It’s good that these articles are being written. Going to
graduate school represents a substantial investment of time and energy on a
kind of professional development that, given the precarious nature of the
academic job market, entails tremendous risk. That being said, I haven’t read
these articles. When one of my Facebook friends posts them, I never click on
the link, and I often hide the post from my Facebook feed. These articles
aren’t for me—they’re for those who haven’t yet made a decision that I made
many years ago. I know that, at best, these articles will provide me with an
opportunity to pat myself on the back and say, yes, going to graduate school
was the right choice. A far more likely possibility is that these articles will
leave me with a feeling of regret about a choice that I can’t undo. I’m prone
to anxiety as it is—I don’t need Slate
or The New Yorker to help me on that
front.
Which is why I’ve been surprised that so many of my friends
have continued to post these articles and engage in lengthy discussions of
them, since most of these friends are are, like me, on the tail end of their
Ph.D. and thus not the articles’ target audience. After some discussion with a
few of them, it became apparent that this wasn’t about wallowing in their
depression, as I often suspected. Nor was it about figuring out what to advise
someone were they to ask if they should go to grad school (like the articles’
titles suggest). It wasn’t even about how our field is perceived by the
middlebrow intellectual audience that Slate
and The New Yorker represent.
Instead, these articles are serving as a vector through
which people can communicate their existing feelings of anxiety about the
future. There’s an element of self-flagellation to this that I don’t
appreciate. By broadcasting their regrets about their decision to go to
graduate school, many graduate students not only insult themselves; they also
insult others who are in the same precarious situation. But the fact that these
discussions appear to be so damn common among later-year Ph.D. students
indicates that they are filling a real need—a need that our graduate programs
are not filling.
There are two personality traits of people who get into
graduate school: ambition and inquisitiveness. These two are not mutually
exclusive; in fact, if you want to be successful you had better be both. But
graduate programs—top-tier graduate programs in particular—are not equally
skilled at cultivating both sides of their students personalities. As the job
market has become more competitive, the culture of graduate school has, in many
tangible and intangible ways, done more to cultivate ambition, such that, by
the time you complete your Ph.D., acquiring a tenure-track job has been imbued
with a symbolic importance that far exceeds its practical importance
But practically speaking, those jobs simply won’t be there
for many of us. Taking a broad view, I’m frustrated with the academy for not
doing more to adapt to the technological and economic changes that led to this
situation. Had the field adapted, it might’ve better demonstrated its worth and
there would be more jobs out there. But more immediately, I’m frustrated with
the academy for perpetuating an outdated sort of tenure-track fetishism that
places blinders on its students at a time when they most need a full range of
vision.
The reason many later-year Ph.D. students are posting
“should you go to graduate school?” articles is because there aren’t many
“should Ph.D.s get professorships?” articles out there. But that’s the question
we are—and should be—asking. Many of us lack the professional guidance
necessary to navigate this job market as it exists in 2013. How might it be
possible to subsist as an adjunct professor or a lecturer? Where does one find
international job opportunities? What about high schools or community colleges?

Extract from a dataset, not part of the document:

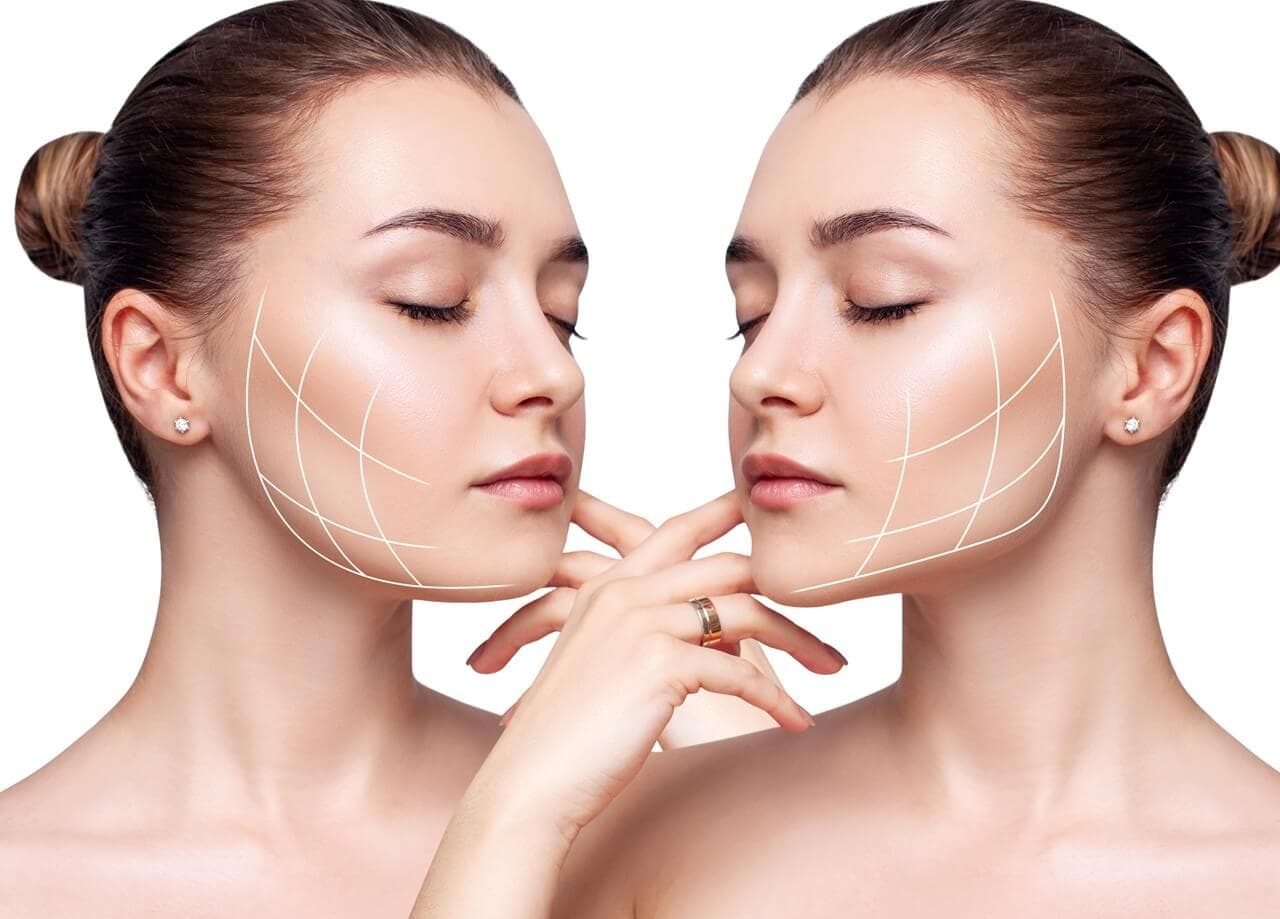 Everything You Need to Know About Chin Fillers in Dubai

What about administrative positions or libraries? What private industry jobs
might value a humanities degree, and how do we market ourselves towards those
jobs? Is it possible to teach at a university on a part-time basis while doing
other things? How do we address the two-body problem?
A focus on narrowly defined professional ambitions—the tenure-track
professorship—makes just asking these questions an exercise fraught with anxiety.

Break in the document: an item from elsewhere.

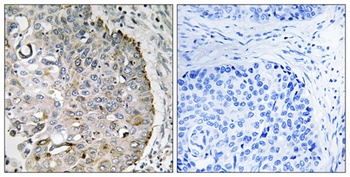 MRRF antibody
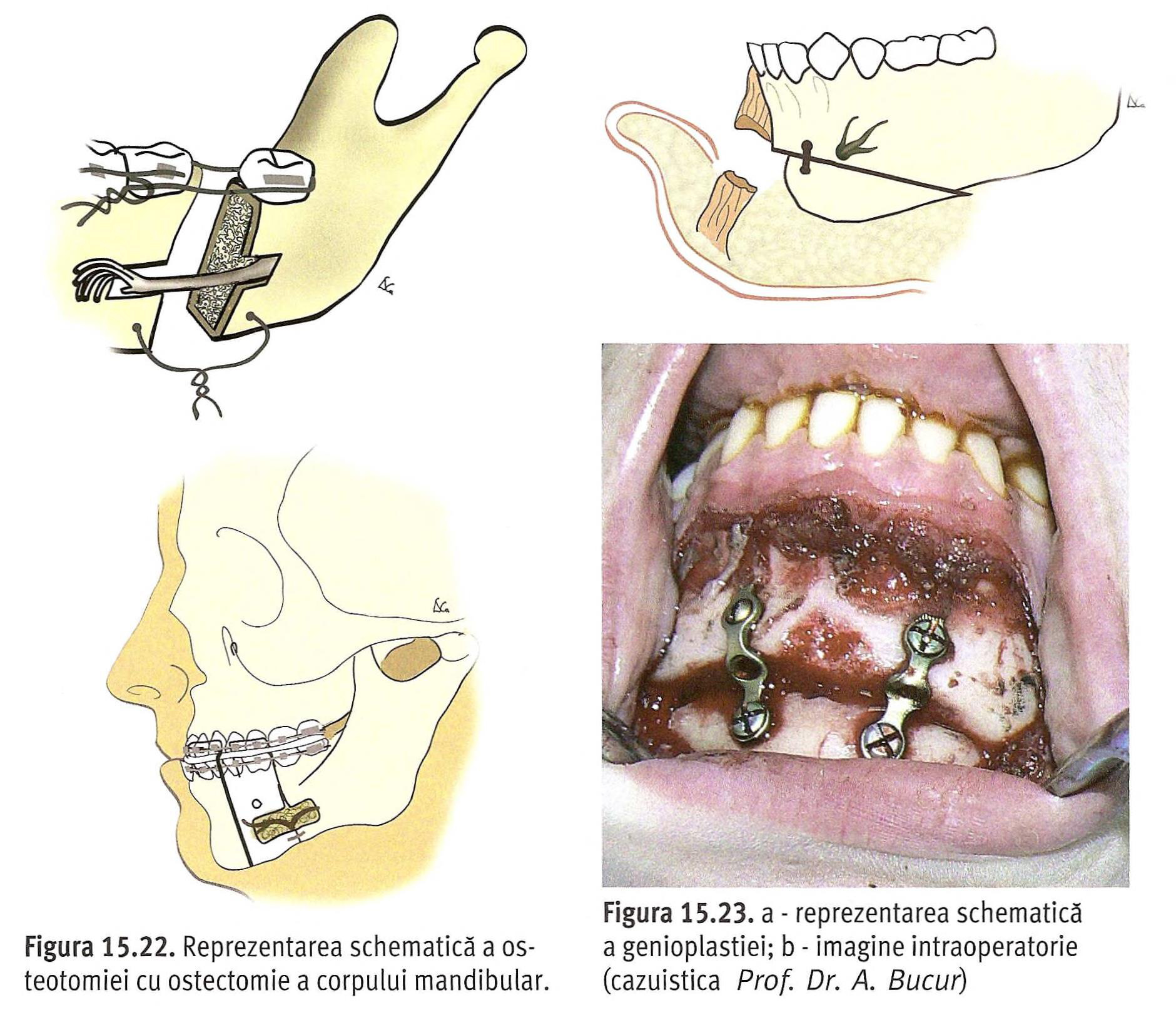 Genioplastia — incizia endo-orală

But graduate programs have a responsibility to answer these questions, and to
do so early in their students’ graduate careers. If graduate programs did that, it might be possible for their Ph.D.s to see that there are many ways to succeed as members of an academically-literate intellectual community regardless of whether or not they are "academics" in the most conservative sense of the word. This is necessary on a
practical level to ensure students' financial well-being, but it’s also
necessary to ensure their emotional well-being. And I think that they would be easier questions to answer if graduate programs cultivated inquisitiveness the way that they cultivate ambition. If graduate programs don't start doing this, then we’ll all just keep
freaking out on Facebook.
ADDENDUM: If graduate schools do want to narrow their students' options to the tenure-track professorship, they're free to do so, but they had better accept far fewer students into their programs. If they still want to exploit graduate student labor, they had better provide those students with more professional options.
ADDENDUM: If graduate schools do want to narrow their students' options to the tenure-track professorship, they're free to do so, but they had better accept far fewer students into their programs. If they still want to exploit graduate student labor, they had better provide those students with more professional options.